Paul VI faculty, students work toward diversity.

Not too long ago, said Roy Hippert, students in his social studies class could not understand the significance of Dr. Martin Luther King’s "I Have a Dream" speech.

The social climate today is a far cry from the days of the civil rights movement, said the Paul VI High School teacher, making it hard for teenage students to grasp the importance of King and his words. But with a brand-new multicultural club and African-American history class debuting this spring semester, Hippert has found ways to combat the lack of understanding about the civil rights movement among students.

"A lot of kids … just never think about other ethnic and cultural groups," said Hippert. Young people are very tolerant when they are exposed to a variety of experiences, he said, and a large part of the multicultural club's purpose is to give all Paul VI students these experiences.

The club is a year old but already has a strong base of students, he said, with backgrounds ranging from Germany to Pakistan and everywhere in between. Club members sample international food at meetings and take trips to places like the Museum of the American Indian and Holocaust Museum in Washington, D.C.

On one occasion, the club sponsored a school-wide lunch period with Panamanian food. The club has put together a series of video vignettes about students' different cultural backgrounds and, periodically, hangs displays about famous minority leaders in the hallways.

The multicultural club also invites speakers to the school. Last year, Tuskegee Airman Col. Howard Baugh came to speak about his experiences in World War II, as one of America's first black military airmen.

"He was a great speaker," said Hippert. Even though the assembly was voluntary, around 800 people attended, he said. In February, he said, the club hopes to host the Baltimore-based Oblate Sisters of Providence, an order founded in 1829 for nuns of African descent.

PAUL VI SENIORS Saqib Khan, 18, and Gregory Pesce, 17, are the student leaders of the multicultural club. Both Khan and Gregory remember well their experiences as freshmen, when their cultural differences made them feel alone in a mostly white, American school.

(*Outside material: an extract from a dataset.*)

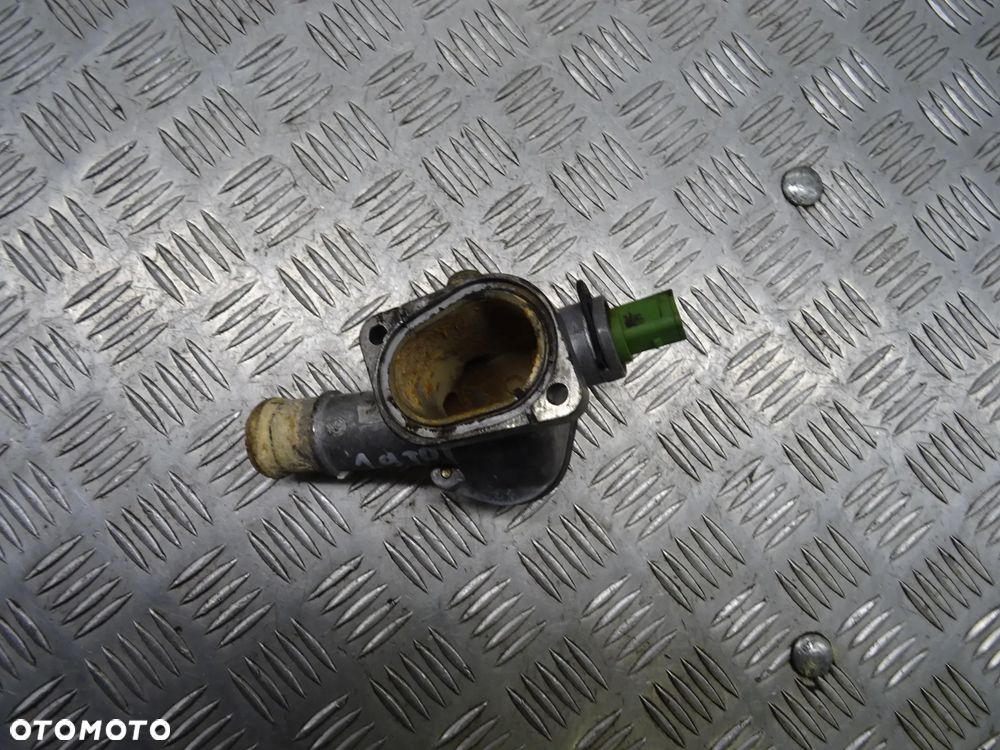 AUDI A4 B6 00-06 2.0B OBUDOWA TERMOSTATU 038121133A - 7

"At first, we felt like we were the only ones from a different culture," said Khan, who travels back and forth between the U.S. and his parents' native Pakistan. He is used to people on both sides of the ocean asking him questions, he said. But following the attacks of Sept. 11, 2001 and the U.S. invasion of Iraq in 2003, he began to run into the perception by American friends and acquaintances that everyone in Pakistan was a terrorist.

"A lot of kids are not educated about the outside world," said Gregory, who is French. He visits France every summer, and said he sees a difference in the attitudes of American and French young people.

"People [overseas] are really open to learning about stuff," he said. "They have a much more liberal attitude."

But Gregory and Khan said they have all noticed a shift toward openness and tolerance among people their age here.

"People became more aware of what was going on internationally, how other countries are affiliated with the U.S.," said Gregory, and attributes this in part to the Multicultural Club.

Hippert agreed. Some of the change in attitude has to do with increased maturity levels as teenagers get older, he said, but students and faculty seem to accept the need for diversity more naturally than they did 10 years ago.

After Paul VI conducted a self-evaluation a few years ago, said Hippert, one of the goals that emerged was for the school to be more diverse.

Damita Snow, whose son attends Paul VI, said she read about the City of Philadelphia mandating African-American history classes in public schools. She approached the school about the possibility of offering a similar class to its students, and with the help of Hippert and the administration, the class became a reality.

The class will cover African-American history from slavery to the civil rights movement in the 1960s, said Hippert, but will focus mostly on history from the mid-19th century onward.

"By having this class, [Paul VI administration] is practicing what they have been preaching with the kids," said Snow. "Sometimes you have to see something right in front of your face to say that 'Oh, yeah, we can do this.'"

Paul VI's diversity efforts are in keeping with Catholic teaching, said Hippert, since racism is a mortal sin in Catholicism.

Snow hopes that with the African-American history class and the Multicultural Club, students will learn another aspect of U.S. history. As an elective, the class will attract some students out of curiosity and others because of interest, she said.

"The big thing is, as a class, that it will help with teaching tolerance," said Snow.